By now you’ve probably guessed that no, it didn’t. It turns out Corsano’s story — kind of like the year it bookended — would refuse to be wrapped up with a bow.
Because the ghost haunts on. The tickets didn’t stop. Whoever is driving it still hasn’t registered it with the state and was tagged with six more tickets for expired plates this fall, totaling $432. And also some tickets from private lots, totaling another $219.
At first the bills were again sent to Corsano — even though he hasn’t owned the Jag for 18 months, though he long ago filed a change in title form with the state, and though he now lives in … Italy.
“I don’t know how this is possible,” he wrote me in exasperation from the town of Amelia, in Italy’s Umbria region. “Seattle is not the 3rd world, it is a rich place. It has technology. Skills.”
The good news is that the Seattle court, when finally reached by Corsano, again has relieved him of responsibility for the tickets (smudging away this haunting for the second time). But tickets from the private lots keep coming. Somehow he’s still on the hook in the state registration system. He can’t get back a car that was taken from him, but he can’t rid himself of it either.
Sorry, I wrote to Corsano. We seem to be stuck. Sometimes — often — the news is stubborn like that.
“My prediction? This will undoubtedly continue in 2019,” Corsano says.
Looking over a year’s worth of stories, a ghost Jag driving in circles generating tickets seems an apt metaphor. The year 2018 was like one of those Escher impossible staircases, in which you walk and walk but can’t even really tell whether you’re going up or down.
Prime example: The year started with a federal government shutdown, over immigration. And it’s ending with a federal government shutdown … over immigration.
Or take the stock market. On the third trading day of 2018, the president tweeted: “Dow just crashes through 25,000. Congrats!” Only it would crash through 25,000 seventeen more times — eight heading up, and, sadly, nine going down.
Not much was decisively advanced, from the somewhat split election to the always-just-out-of-reach Mueller investigation to our inability to do a thing about climate change. This being 2018, even Amazon’s self-branded quest for “HQ2” ended up not finding one.
Or take homelessness. Last week Seattle and King County made front page news by announcing a plan to coordinate responses to our area’s biggest crisis. That is great news. But I hold here a news release, dated Jan. 19, 2018 — so 11 months earlier — titled “Regional leaders come together to craft community plan to prevent homelessness.” If any 2018 story feels like Escher’s infinity staircase, this is it.
Not everything went in circles of course. The AP picked the demise of the death penalty as the biggest story for our state. That was big, and decades in the making. But it surely won in part because it was one of the few news stories of 2018 in which the needle definitively moved, one way or the other.

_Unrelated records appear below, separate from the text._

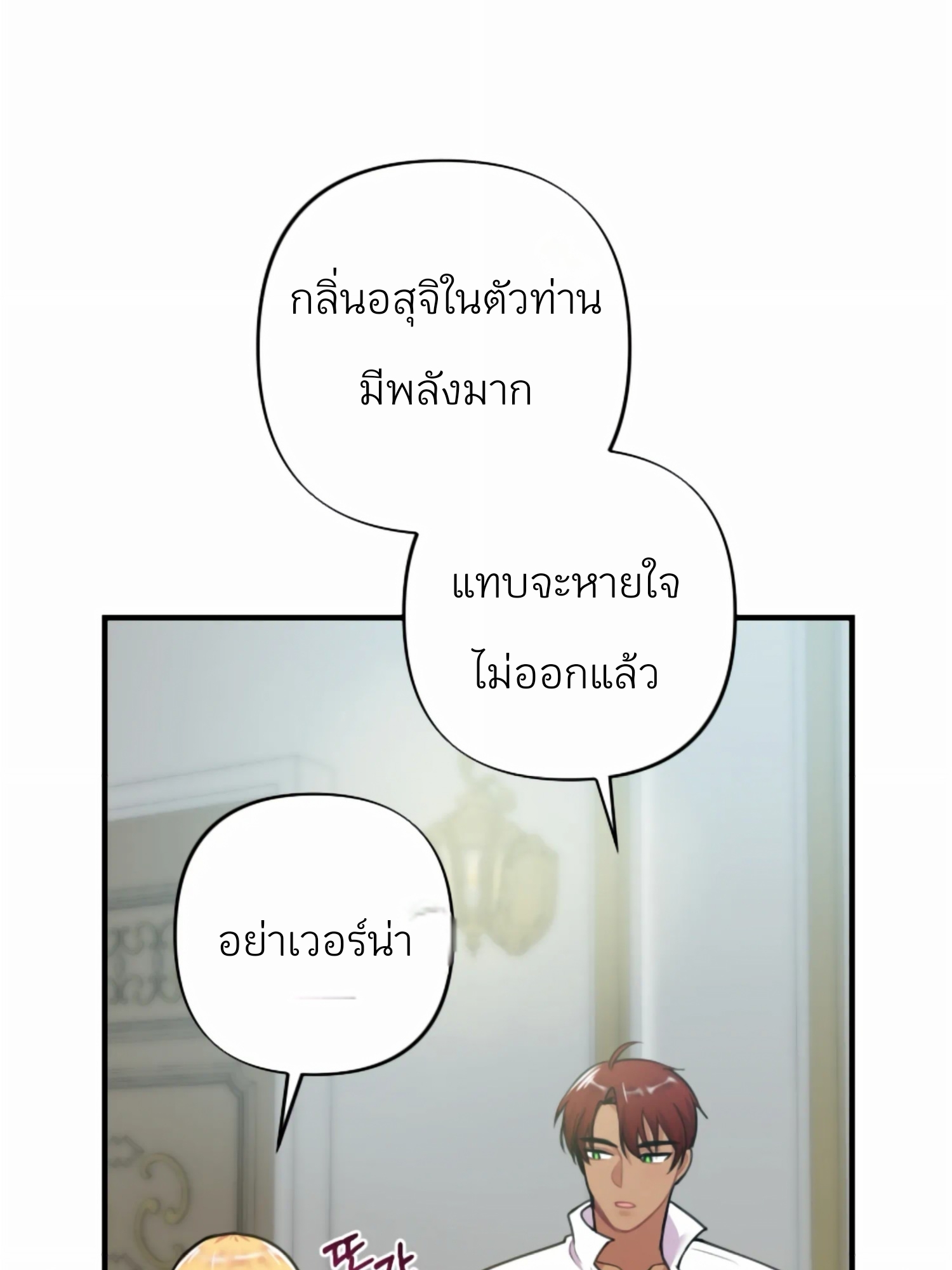 Struck by an Obscene Curse 2 072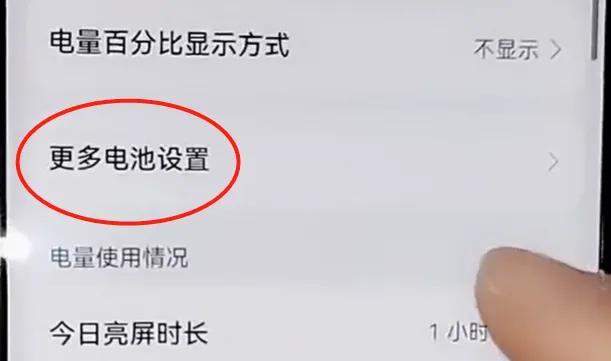 手机网络延迟解决方法，4g手机网络延迟高解决方法（原来是手机的设置没有调试好）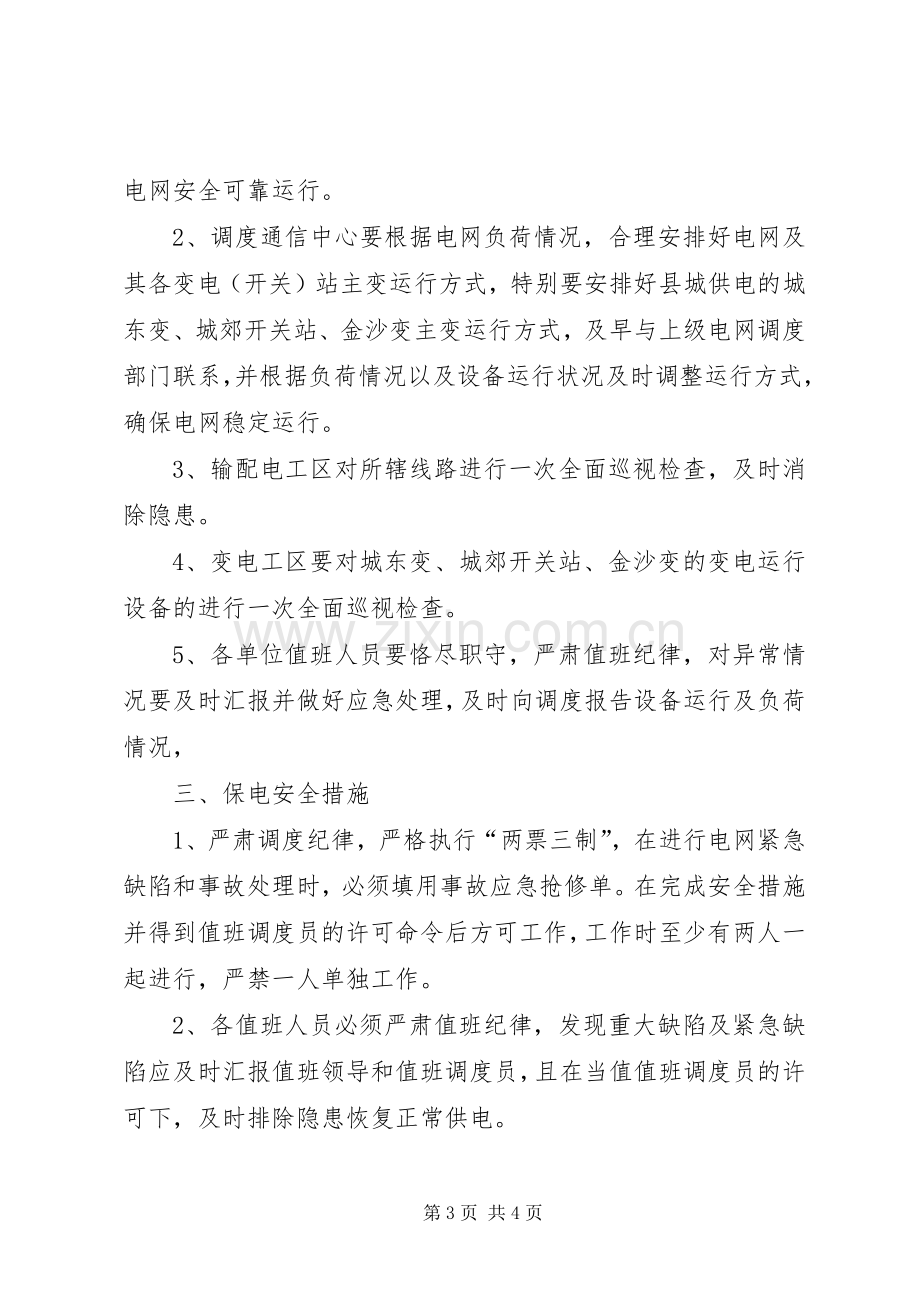 供电公司重大活动供电保障实施方案 .docx_第3页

Not everything that went nowhere was necessarily bad, though. Looking over my own columns, I was reminded that last summer I wrote about a new Seattle high-rise apartment renting for an otherworldly $19,265 per month. The glittery price point marked Seattle’s “Manhattan moment,” a luxury realtor told me.
Well I checked back, and guess what? No one has rented that apartment, according to the building’s website.
So maybe it’s true, like Corsano’s ghost, that we didn’t go much of anywhere in 2018. But at least we’re not Manhattan yet.